§ Problem statement
Among the lines of the records, count those containing the word "Jersey", then give the number alone.

§ Available records
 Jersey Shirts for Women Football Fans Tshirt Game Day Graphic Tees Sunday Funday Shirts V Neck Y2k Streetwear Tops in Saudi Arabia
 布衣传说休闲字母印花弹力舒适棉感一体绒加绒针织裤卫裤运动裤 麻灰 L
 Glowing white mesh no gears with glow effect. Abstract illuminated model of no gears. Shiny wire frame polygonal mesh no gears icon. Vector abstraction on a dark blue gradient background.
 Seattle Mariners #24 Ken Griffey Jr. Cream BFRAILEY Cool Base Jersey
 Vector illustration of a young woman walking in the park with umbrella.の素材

...

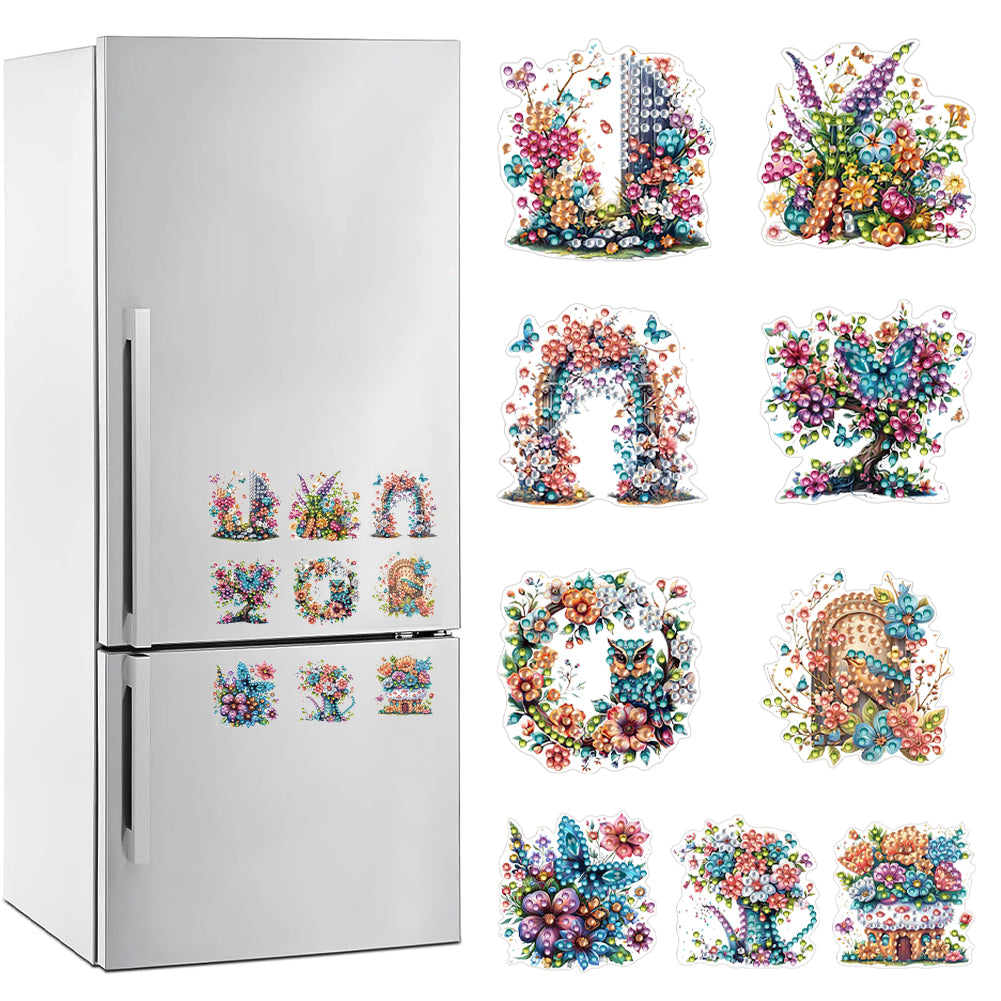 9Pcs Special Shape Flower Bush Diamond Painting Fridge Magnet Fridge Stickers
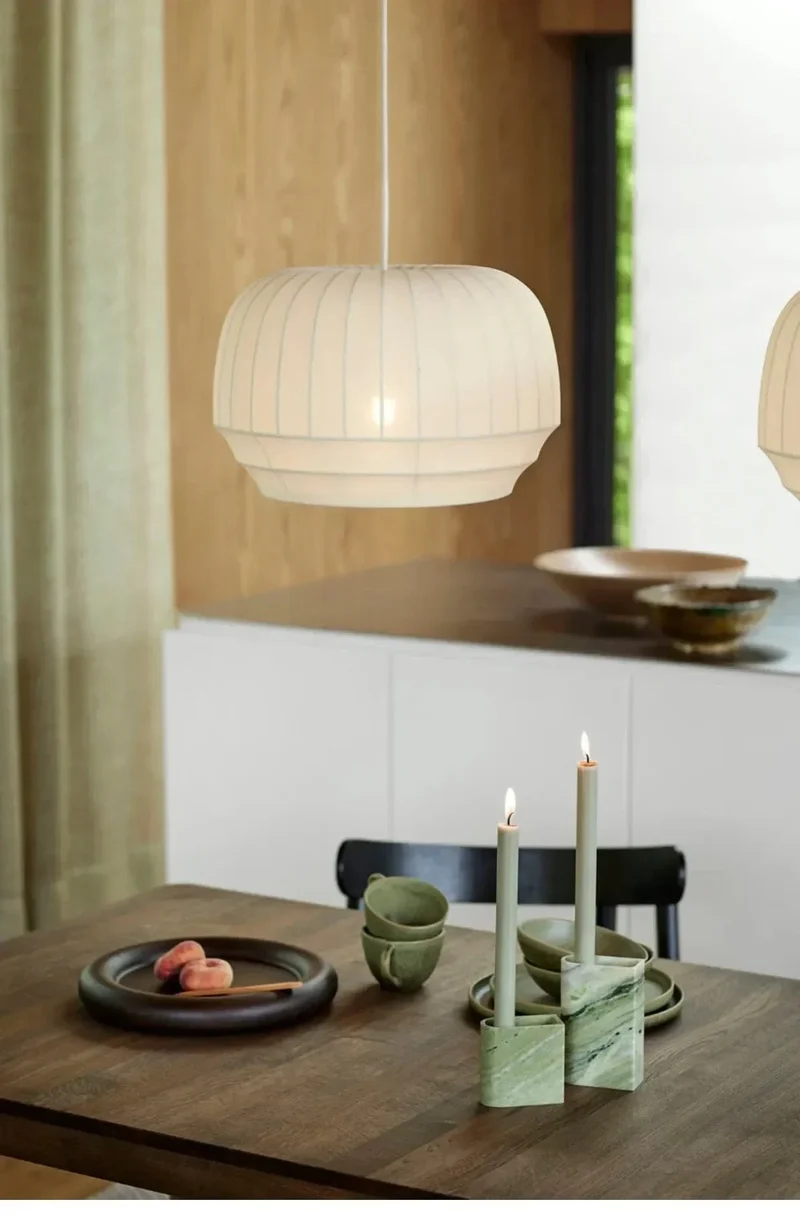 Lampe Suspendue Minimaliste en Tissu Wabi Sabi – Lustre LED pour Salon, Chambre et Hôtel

§ Response box
2